- **RAW DATA**
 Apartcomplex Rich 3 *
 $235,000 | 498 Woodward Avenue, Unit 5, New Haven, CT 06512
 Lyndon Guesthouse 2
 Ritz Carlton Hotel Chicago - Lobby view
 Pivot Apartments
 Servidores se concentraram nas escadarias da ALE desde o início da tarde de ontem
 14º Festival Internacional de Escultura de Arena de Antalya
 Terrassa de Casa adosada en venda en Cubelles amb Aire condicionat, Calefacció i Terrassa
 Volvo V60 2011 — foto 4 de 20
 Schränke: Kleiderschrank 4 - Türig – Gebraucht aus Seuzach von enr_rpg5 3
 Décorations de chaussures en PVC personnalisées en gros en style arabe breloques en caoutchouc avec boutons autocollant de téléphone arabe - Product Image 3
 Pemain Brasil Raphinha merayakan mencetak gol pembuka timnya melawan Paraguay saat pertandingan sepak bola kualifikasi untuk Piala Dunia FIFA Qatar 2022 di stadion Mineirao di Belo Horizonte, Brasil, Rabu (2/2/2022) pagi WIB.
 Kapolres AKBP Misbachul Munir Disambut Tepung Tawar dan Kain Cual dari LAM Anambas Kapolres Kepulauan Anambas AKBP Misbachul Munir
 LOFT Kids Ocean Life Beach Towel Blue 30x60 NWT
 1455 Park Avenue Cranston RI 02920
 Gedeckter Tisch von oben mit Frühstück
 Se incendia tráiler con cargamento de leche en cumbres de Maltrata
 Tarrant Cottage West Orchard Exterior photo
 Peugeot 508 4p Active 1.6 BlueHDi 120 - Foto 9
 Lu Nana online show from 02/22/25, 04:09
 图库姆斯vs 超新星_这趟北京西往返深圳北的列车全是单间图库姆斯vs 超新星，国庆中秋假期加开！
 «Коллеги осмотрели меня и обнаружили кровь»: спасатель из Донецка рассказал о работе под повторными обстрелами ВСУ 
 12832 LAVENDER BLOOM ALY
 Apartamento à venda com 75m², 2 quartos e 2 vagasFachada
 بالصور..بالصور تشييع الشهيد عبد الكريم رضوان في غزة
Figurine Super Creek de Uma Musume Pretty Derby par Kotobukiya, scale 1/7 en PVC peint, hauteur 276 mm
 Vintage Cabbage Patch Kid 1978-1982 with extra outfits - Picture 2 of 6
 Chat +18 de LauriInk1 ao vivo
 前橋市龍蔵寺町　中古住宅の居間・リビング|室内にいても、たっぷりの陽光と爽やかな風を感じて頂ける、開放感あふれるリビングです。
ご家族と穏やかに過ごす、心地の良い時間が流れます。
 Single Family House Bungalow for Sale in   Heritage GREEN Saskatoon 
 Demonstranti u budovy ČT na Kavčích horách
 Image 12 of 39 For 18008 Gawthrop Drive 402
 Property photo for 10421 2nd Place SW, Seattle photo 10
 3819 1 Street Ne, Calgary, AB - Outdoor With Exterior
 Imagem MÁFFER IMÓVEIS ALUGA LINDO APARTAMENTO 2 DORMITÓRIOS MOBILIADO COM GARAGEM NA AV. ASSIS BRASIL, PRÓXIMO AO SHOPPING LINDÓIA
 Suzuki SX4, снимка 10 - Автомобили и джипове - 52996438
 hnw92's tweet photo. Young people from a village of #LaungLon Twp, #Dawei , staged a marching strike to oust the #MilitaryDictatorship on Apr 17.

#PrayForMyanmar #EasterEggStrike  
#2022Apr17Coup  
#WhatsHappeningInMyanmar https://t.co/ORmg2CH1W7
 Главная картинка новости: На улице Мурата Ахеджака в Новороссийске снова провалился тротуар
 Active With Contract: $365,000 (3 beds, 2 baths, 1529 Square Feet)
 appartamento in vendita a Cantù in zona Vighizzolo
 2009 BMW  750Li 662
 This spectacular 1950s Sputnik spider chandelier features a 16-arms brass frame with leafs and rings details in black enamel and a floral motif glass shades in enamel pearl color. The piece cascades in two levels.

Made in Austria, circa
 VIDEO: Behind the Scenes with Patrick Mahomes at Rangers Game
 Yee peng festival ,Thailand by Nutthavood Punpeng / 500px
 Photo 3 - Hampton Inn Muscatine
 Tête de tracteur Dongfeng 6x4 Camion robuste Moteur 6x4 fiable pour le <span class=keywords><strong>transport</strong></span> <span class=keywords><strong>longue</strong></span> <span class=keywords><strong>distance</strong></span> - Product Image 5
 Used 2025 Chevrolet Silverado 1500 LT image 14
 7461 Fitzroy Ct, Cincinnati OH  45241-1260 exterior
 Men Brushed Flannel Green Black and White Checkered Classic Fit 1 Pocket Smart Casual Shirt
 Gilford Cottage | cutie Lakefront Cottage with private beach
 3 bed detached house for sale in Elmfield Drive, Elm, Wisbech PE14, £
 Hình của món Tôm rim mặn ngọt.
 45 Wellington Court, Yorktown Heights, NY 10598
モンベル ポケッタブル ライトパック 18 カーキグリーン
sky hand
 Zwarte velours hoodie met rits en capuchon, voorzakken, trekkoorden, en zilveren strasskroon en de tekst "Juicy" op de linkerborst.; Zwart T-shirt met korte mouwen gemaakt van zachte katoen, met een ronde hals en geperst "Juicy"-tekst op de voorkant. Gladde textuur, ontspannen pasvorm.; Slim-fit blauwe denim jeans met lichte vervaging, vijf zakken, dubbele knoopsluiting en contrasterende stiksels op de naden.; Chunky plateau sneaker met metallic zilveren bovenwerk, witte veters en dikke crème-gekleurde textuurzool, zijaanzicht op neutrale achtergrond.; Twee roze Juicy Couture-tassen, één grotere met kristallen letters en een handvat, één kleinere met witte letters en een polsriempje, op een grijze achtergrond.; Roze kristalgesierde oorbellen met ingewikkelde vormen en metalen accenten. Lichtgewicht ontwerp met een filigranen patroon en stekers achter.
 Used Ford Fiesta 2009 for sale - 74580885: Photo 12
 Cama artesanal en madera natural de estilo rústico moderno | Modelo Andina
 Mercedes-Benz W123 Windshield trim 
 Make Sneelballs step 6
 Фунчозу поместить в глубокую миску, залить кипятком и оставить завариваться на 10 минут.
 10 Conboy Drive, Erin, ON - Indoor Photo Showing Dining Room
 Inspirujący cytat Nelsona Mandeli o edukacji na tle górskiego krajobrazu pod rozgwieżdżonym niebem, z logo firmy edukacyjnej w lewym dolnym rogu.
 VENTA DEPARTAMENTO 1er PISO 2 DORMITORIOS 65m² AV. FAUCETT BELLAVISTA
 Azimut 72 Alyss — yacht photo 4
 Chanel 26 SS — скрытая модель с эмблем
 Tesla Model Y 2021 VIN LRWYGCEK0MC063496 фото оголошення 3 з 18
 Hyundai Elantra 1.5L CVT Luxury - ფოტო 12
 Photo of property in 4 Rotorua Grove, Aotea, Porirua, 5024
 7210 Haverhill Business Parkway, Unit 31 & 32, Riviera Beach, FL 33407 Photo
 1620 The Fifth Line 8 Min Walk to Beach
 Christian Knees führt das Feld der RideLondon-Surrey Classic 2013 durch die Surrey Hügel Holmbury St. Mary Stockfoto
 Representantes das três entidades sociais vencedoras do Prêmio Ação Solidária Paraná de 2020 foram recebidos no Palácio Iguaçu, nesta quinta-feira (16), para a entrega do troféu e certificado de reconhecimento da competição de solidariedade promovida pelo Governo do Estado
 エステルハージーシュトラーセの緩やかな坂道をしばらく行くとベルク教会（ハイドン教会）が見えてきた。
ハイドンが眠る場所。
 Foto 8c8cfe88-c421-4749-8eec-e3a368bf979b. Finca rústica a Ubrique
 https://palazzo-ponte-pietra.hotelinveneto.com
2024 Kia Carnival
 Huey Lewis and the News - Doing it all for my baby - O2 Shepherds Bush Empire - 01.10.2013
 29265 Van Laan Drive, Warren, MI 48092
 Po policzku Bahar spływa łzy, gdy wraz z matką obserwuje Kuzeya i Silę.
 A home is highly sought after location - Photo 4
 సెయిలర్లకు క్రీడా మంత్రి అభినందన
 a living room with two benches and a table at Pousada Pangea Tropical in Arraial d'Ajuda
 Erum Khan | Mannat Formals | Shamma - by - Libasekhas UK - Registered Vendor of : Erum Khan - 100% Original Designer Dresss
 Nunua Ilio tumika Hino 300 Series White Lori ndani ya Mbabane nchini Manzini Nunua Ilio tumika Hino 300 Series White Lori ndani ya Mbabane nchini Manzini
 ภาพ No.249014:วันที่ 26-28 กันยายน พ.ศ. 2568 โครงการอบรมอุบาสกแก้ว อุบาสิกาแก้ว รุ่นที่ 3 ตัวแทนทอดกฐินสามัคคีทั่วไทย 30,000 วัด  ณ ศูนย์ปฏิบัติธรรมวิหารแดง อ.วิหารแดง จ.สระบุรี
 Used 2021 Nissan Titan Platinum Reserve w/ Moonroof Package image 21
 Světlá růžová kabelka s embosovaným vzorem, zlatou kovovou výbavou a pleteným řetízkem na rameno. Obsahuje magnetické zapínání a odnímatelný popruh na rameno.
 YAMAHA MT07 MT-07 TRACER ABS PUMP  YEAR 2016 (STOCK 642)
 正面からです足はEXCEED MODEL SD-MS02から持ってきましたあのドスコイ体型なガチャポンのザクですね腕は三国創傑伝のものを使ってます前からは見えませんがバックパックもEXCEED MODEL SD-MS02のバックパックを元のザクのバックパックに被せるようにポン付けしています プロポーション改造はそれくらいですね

- **WORK TO BE COMPLETED**
Could you output exactly the lines from the one containing "Světlá růžová kabelka" to the end of the entries above, both included, and no others?

- **RESULT OF THIS EXERCISE**
 Světlá růžová kabelka s embosovaným vzorem, zlatou kovovou výbavou a pleteným řetízkem na rameno. Obsahuje magnetické zapínání a odnímatelný popruh na rameno.
 YAMAHA MT07 MT-07 TRACER ABS PUMP  YEAR 2016 (STOCK 642)
 正面からです足はEXCEED MODEL SD-MS02から持ってきましたあのドスコイ体型なガチャポンのザクですね腕は三国創傑伝のものを使ってます前からは見えませんがバックパックもEXCEED MODEL SD-MS02のバックパックを元のザクのバックパックに被せるようにポン付けしています プロポーション改造はそれくらいですね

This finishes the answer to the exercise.